NYC ‘cannibal cop’ sentenced to time served, released from jail
A former New York City police officer convicted of planning to kidnap and rape women before killing and eating them was sentenced to time served on Wednesday, as he insisted in court that the women were “never in danger.”
Gilberto Valle, now known as the ‘cannibal cop,’ was convicted in 2013 for kidnapping conspiracy. Though he faced a possible life term, a federal judge threw out a jury’s guilty verdict earlier this year given Valle’s steps were “not sufficient – standing alone – to make out the elements of conspiracy to commit kidnapping.”

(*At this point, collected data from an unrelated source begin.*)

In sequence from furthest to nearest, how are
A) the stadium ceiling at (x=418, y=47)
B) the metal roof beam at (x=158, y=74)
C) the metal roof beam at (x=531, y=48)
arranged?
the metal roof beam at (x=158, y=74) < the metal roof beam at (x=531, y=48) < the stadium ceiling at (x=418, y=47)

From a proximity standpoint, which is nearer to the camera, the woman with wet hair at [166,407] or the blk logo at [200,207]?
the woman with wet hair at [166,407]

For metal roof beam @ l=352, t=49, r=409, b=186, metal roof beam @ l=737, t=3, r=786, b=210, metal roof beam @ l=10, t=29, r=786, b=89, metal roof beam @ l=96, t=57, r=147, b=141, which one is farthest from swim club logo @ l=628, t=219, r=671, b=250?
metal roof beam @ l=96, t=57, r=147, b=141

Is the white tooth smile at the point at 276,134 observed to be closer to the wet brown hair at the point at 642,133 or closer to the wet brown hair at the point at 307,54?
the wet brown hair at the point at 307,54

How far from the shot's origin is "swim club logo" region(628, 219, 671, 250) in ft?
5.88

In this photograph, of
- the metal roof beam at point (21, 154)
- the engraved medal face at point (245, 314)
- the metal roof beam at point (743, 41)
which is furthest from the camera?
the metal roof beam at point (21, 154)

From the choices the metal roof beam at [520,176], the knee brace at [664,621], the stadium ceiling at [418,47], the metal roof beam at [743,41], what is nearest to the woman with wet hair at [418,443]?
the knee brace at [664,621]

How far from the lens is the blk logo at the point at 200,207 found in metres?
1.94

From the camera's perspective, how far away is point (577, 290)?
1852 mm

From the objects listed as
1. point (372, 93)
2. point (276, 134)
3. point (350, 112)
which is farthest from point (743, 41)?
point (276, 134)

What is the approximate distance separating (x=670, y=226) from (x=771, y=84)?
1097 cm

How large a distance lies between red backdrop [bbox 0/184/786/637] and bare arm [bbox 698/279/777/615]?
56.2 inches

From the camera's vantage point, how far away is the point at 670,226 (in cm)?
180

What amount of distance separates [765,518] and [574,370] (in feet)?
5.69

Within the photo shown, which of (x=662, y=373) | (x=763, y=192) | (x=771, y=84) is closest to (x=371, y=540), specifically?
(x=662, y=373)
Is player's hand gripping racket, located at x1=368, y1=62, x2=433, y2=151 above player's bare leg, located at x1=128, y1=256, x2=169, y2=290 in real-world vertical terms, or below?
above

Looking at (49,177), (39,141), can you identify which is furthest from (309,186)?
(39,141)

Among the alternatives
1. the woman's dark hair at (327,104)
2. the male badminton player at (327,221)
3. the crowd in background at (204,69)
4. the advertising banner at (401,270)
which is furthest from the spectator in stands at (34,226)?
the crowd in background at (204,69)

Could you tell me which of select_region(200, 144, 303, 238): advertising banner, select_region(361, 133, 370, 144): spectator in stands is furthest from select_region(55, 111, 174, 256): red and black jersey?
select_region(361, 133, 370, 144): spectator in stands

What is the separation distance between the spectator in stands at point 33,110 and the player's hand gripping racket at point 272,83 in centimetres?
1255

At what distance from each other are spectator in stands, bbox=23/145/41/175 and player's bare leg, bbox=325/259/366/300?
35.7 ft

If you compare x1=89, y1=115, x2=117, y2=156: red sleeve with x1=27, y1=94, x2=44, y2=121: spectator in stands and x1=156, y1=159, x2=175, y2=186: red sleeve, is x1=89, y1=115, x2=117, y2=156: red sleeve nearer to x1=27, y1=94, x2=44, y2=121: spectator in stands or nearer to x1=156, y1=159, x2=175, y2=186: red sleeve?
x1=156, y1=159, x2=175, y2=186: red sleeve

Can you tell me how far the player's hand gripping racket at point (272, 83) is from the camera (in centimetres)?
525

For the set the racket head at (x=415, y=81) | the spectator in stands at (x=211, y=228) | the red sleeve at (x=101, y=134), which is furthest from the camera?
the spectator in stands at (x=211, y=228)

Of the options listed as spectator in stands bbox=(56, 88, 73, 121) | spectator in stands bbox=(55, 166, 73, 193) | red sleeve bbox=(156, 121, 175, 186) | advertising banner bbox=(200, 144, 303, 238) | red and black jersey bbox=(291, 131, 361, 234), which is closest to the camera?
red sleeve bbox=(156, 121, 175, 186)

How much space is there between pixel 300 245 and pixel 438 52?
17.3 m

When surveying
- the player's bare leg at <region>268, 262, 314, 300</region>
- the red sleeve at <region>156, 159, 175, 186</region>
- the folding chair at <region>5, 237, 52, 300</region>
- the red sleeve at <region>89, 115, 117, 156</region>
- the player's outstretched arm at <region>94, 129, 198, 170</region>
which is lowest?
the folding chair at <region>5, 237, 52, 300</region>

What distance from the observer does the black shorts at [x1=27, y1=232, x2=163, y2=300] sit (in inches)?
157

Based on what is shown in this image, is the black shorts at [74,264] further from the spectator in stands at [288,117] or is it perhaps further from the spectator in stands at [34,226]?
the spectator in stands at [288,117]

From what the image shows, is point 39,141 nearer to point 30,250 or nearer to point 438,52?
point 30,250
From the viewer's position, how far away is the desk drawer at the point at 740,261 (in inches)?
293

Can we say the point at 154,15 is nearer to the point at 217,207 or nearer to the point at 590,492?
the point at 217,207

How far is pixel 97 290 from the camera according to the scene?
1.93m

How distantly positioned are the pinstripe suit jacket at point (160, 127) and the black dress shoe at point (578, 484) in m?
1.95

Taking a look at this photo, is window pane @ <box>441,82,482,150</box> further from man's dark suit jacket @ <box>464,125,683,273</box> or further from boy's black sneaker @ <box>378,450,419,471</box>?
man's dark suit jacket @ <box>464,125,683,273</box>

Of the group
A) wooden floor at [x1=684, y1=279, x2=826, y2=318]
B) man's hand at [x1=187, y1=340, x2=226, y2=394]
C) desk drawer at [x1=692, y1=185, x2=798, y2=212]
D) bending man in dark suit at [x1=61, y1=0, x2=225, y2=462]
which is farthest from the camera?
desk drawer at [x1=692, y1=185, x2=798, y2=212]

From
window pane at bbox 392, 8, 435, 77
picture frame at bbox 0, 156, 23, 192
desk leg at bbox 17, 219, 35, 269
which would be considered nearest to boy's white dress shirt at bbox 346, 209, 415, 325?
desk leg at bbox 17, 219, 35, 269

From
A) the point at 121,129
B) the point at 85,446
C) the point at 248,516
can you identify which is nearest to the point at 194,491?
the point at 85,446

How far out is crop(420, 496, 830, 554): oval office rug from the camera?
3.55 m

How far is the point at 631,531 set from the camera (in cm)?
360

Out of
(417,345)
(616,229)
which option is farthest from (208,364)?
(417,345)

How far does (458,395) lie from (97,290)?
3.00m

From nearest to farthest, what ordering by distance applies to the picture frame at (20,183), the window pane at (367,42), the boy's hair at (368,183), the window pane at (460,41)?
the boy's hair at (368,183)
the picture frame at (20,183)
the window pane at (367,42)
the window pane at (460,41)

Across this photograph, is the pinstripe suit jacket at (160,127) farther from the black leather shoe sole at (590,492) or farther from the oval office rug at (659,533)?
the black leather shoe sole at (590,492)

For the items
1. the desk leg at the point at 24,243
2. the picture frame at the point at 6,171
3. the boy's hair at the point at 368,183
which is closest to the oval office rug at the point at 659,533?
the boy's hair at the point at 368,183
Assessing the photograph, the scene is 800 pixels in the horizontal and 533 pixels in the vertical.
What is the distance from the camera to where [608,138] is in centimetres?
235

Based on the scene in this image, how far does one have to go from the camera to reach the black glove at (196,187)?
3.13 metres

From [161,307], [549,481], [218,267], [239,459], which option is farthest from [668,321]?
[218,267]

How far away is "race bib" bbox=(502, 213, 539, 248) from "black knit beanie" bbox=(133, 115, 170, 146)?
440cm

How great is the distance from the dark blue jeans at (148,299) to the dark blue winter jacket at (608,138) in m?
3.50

On Wednesday, Valle, 30, was sentenced to one year time served, the maximum for a misdemeanor, and one year probation. He also was ordered to continue mental health treatment. Valle had already served 20 months in jail as he awaited trial.
During his sentencing in a Manhattan federal court, Valle apologized to the women who had to testify in the trial. He said his conversations in online fetish chat rooms were only role-playing fantasies and not about taking concrete steps to kidnap or harm anyone.
"I just hope they know they were never in danger," Valle said, according to AP. "I would never do the things I talked about on the Internet - never."
Valle said later outside the court that he wanted to move on with is life.
“My legacy is not going to be the story of the 'cannibal cop,'" he said.
The then-New York Police Department patrolman was arrested in 2012 when his wife alerted the FBI to disturbing material she found on his computer. Valle had used the NYPD’s federal database to collect information on various women he intended to target.
The findings included a series of unsettling documents and statements, including one file titled, “Abducting and Cooking (Victim-1): A Blueprint.” Inside were details regarding the birthdate and bra size of a woman and a list of materials needed to carry out a kidnapping plot.
“I was thinking of tying her body onto some kind of apparatus… cook her over low heat, keep her alive as long as possible,” the document read, according to court papers.
The FBI’s complaint also alleged that Valle discussed kidnapping a woman for a third party.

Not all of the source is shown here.